Toutes deux concluent: Nous avons aussi senti l’efficacité du kiosque placé à Bimont. Il constitue un très fort  soutien dans l’information. Du coup nous avons pu rayonner sur d’autres zones parfois moins parcourues. Les gens étaient surpris de nous rencontrer en pleine forêt et nous posaient beaucoup de questions. La faune, la flore voire notre parcours personnel. Mais ce qui était frappant c’est qu’une fois la surprise passée de croiser des gardes nature,  nous sentions que les gens étaient rassurés parce qu’ils n’étaient seuls dans la montagne.

Prune, elle, a travaillé dans les structures d’accueil. Étudiante en gestion des espaces de montagne, elle a un parcours tourné vers l'écologie et l'environnement. 

Dans les structures d’accueil , dit-elle, les visiteurs demandent régulièrement des éclaircissements sur la signification du code couleur pour le risque incendie. Mais la plupart du temps, la sensibilisation des randonneurs se fait au moment où l'on détermine avec eux les sentiers appropriés. Il faut toujours penser à en parler car il est très fréquent qu'ils n'aient pas eu idée qu'une telle réglementation puisse exister, ou bien que la simple absence de vent fasse disparaître leur doute sur le risque de feu.
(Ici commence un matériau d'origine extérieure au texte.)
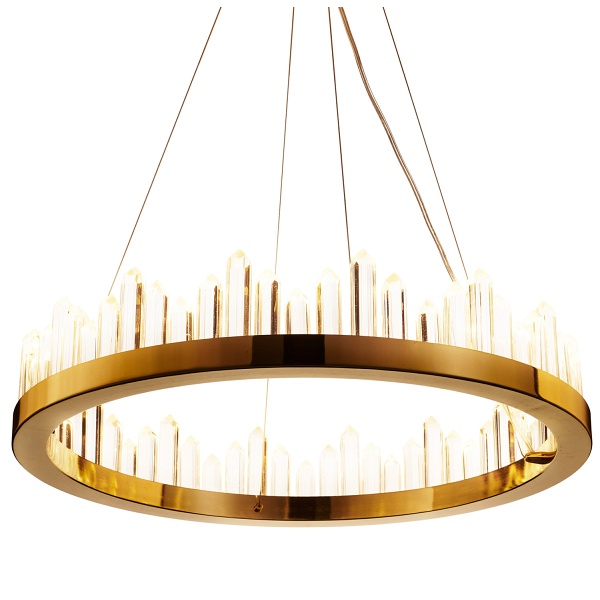 Lampa wisząca LUSSO LED złota 60 cm Step Into Design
Cela dépend aussi du site où l'on se trouve. Les personnes qui viennent demander conseil au kiosque sont généralement là précisément pour randonner, et sont informées du risque (bien qu'il y ait parfois confusion avec la réglementation des années précédentes). Mais les promeneurs qui entrent à la Maison du Grand Site sont moins fixés. Ils peuvent être venus  visiter le village, voir le château de Picasso, s'asseoir en terrasse et (éventuellement) faire une petite marche. Eux ne sont pas toujours renseignés sur le risque. 

Et la Présidente de terminer : "Je renouvelle mes remerciements à la Région et j’espère que ce dispositif sera conservé dans les années à venir. Il est un précieux recours dans la qualité de l’accueil et pour la sécurité de nos visiteurs. C’est essentiel pour le tourisme dans notre région, et pour la préservation de nos massifs forestiers."